Bolding maximum values
A common pattern in Scientific publications is to bold the maximum value of a row or column to allow for easier reading. Without Sweave you would have to do this manually, locating the maximal values by eye and then tediously placing those cells in bold. If your analysis changed resulting in a different results distribution you’d have to redo all this. I found a handy little function from GitHub user floybix which will do the bolding for you, you just need to tell if it needs to look in columns or rows.
<<third_table, echo=FALSE,results=tex>>=
source("xtable_printbold.R")
printbold(xtable(df,
caption="Bolding rows",
label="table:mtcars3"),
include.rownames=TRUE,
caption.placement="top",
booktabs=TRUE,
each="column"
)
@
Note that I’ve included this function from a separate source file which needed included. The each
optional argument determines whether the maximum values are to be located across rows or columns. We’re still using the mtcars data for now and so are looking for the cars with the maximum number of cylinders, mpg, and engine displacement. This produces the following table, with the maximum column values automatically bolded.

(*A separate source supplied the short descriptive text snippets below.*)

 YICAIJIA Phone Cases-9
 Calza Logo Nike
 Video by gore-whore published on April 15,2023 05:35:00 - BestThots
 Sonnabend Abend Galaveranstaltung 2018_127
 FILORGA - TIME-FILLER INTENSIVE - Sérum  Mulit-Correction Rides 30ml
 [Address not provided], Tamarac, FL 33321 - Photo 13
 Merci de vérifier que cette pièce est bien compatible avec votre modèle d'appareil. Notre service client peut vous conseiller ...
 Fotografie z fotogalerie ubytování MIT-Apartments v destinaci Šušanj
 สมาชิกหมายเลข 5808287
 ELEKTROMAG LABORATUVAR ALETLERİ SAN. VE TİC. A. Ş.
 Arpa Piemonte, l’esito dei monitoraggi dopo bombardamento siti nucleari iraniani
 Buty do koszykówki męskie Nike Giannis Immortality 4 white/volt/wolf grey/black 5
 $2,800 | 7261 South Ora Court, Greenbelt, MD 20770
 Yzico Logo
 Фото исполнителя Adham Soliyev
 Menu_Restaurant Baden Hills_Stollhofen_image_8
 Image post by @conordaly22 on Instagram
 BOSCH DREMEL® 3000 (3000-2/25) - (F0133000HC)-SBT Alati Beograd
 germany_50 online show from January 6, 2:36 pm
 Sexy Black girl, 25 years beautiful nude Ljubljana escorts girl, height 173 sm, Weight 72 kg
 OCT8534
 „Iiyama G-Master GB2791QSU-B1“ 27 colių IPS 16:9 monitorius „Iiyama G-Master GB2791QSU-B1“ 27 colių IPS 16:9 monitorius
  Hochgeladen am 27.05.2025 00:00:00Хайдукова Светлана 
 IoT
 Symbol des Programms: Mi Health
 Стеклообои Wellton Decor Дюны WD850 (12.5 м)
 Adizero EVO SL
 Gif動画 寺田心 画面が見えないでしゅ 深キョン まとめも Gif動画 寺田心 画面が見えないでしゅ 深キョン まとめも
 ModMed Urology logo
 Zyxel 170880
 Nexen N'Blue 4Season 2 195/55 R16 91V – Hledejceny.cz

Formatting mean +- standard deviation
The final part of this guide is more specific to my area of research, comparing machine learning classifiers on various datasets. First I’ll create a dummy data frame with results from Multi-layer Perceptrons (ANN), Genetic Programming (GP), and Cartesian Genetic Programming (CGP) classifiers, run multiple times (as these are stochastic algorithms) on 3 standard datasets from the UCI repository. I’ve also printed this data frame just to visualise this setup.
<<algorithms, echo=FALSE,results=tex>>=
df.cls <- data.frame(dataset=rep(c("Iris", "Heart", "Liver")),
algorithm=rep(c("ANN", "GP", "CGP"), each=15),
run=rep(seq(5), each=3),
accuracy=runif(45))
print(xtable(df.cls[with(df.cls, order(dataset)), ],
caption="Dummy results",
label="table:results"),
caption.placement="top",
include.rownames=FALSE
)
@
Most of my experiments result in data frames like this and so I commonly need to take the mean accuracy from each algorithm across all the runs from a dataset and compare these in a table. I made a little function which extends the boldtable snippet described above, which takes a data frame with a blocking factor, a grouping factor and multiple runs on each level of the blocking factor. It returns a new data frame with the average scores written as mean +- standard deviation, and the highest mean score per group bolded.
<<formatted, echo=FALSE,results=tex>>=
source("formattedtable.R")
df.cls.form <- formattedtable(df.cls, "dataset", "algorithm", "accuracy")
print(xtable(df.cls.form,
caption="Formatted results",
label="table:formatted_results"),
caption.placement="top",
include.rownames=FALSE,
booktabs=TRUE,
sanitize.text.function=identity
)
@
This generates a table as below.
I hope this helped provide a useful insight into what Sweave is, how it works, and how to use it to produce publication quality tables from real world results. I’ve attached the source code to this post and have uploaded the formattables function to GitHub.